## [Your goal]
What lines in the listing include "white"? Return a copy of each.

# # #

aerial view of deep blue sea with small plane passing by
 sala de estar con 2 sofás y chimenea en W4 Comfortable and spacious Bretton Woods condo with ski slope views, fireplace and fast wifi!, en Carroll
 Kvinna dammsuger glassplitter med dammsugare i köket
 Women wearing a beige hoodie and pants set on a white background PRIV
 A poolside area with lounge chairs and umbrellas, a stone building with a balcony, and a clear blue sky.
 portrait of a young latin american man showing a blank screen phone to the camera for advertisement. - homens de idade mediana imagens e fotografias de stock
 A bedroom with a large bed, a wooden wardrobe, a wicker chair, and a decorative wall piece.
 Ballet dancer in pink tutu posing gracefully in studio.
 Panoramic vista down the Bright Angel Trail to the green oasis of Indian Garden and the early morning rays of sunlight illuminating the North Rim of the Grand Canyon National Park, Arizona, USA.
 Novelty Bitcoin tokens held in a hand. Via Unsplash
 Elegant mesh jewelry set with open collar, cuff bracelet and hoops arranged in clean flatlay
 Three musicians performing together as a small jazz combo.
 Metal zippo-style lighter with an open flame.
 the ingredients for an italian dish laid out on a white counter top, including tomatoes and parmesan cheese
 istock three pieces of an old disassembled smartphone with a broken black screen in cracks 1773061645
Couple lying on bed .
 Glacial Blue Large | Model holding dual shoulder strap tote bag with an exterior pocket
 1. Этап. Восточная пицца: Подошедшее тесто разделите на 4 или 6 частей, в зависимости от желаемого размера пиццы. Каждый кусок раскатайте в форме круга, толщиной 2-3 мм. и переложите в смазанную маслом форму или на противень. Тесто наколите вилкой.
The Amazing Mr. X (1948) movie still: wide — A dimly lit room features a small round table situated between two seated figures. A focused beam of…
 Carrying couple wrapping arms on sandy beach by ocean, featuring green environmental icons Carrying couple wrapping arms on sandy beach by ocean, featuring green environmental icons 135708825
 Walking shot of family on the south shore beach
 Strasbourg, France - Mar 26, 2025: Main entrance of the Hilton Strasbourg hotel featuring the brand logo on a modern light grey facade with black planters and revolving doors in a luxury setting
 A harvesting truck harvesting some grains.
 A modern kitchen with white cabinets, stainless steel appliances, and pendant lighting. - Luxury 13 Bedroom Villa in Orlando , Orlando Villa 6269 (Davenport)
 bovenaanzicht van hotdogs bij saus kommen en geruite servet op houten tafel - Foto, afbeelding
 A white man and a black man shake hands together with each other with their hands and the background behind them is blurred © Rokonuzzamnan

# # #

## [Solution to the problem]
 Women wearing a beige hoodie and pants set on a white background PRIV
 the ingredients for an italian dish laid out on a white counter top, including tomatoes and parmesan cheese
 A modern kitchen with white cabinets, stainless steel appliances, and pendant lighting. - Luxury 13 Bedroom Villa in Orlando , Orlando Villa 6269 (Davenport)
 A white man and a black man shake hands together with each other with their hands and the background behind them is blurred © Rokonuzzamnan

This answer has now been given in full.